The Biden administration will be lifting sanctions on a Chinese government ministry, in exchange for bolstering anti-drug trafficking measures, Bloomberg reported. “We’re hoping to see some progress on that issue this coming week,” National Security Advisor Jake Sullivan said Monday, according to the New York Post. “That could then open the door to further cooperation on other issues where we aren’t just managing things, but we’re actually delivering tangible results.”
The Daily Caller News Foundation noted that should a deal materialize, it will be at least the third time that China has promised to get tough on fentanyl. In 2016, China agreed to increase counter-narcotics operations, and Xi again agreed to launch a crackdown in 2018. Nonetheless, China and Mexico are “the primary source countries for fentanyl and fentanyl-related substances trafficked directly into the United States,” according to a 2020 DEA intelligence report.

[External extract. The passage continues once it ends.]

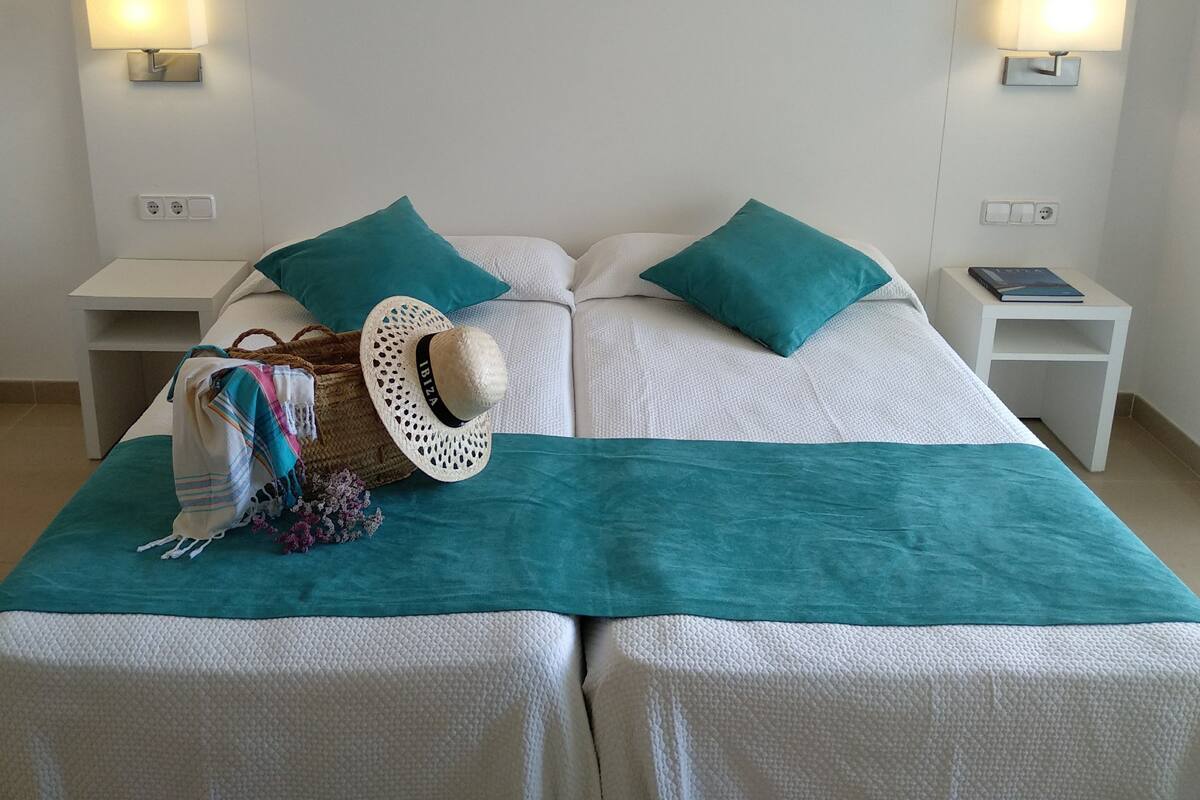A double bed with teal bedding, a white hat, and a woven bag on the bed. There are two white nightstands with lamps, a small table with a book, and a painting of a coastal scene above the bed.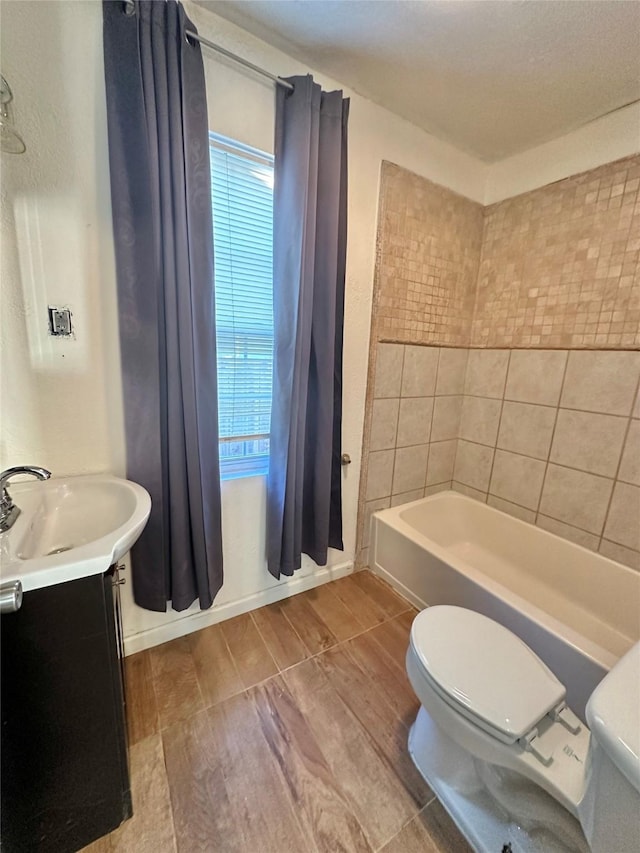 bathroom featuring toilet, vanity, bathtub / shower combination, and wood finished floors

“China remains the primary source of fentanyl and fentanyl-related substances trafficked through international mail and express consignment operations environment, as well as the main source for all fentanyl-related substances trafficked into the United States.”
President Joe Biden and Xi are meeting for the first time in over a year during this week’s Asia Pacific Economic Cooperation (APEC) summit in San Francisco. Sources familiar with the situation told Bloomberg that the People’s Republic of China (PRC) will crack down on Chinese companies manufacturing chemical precursors for fentanyl in exchange for the U.S. lifting sanctions on the Ministry of Public Security’s Institute of Forensic Science, which the Commerce Department added to the Entity List in 2020 for “engaging in human rights violations and abuses” in the Xinjiang Uyghur Autonomous Region.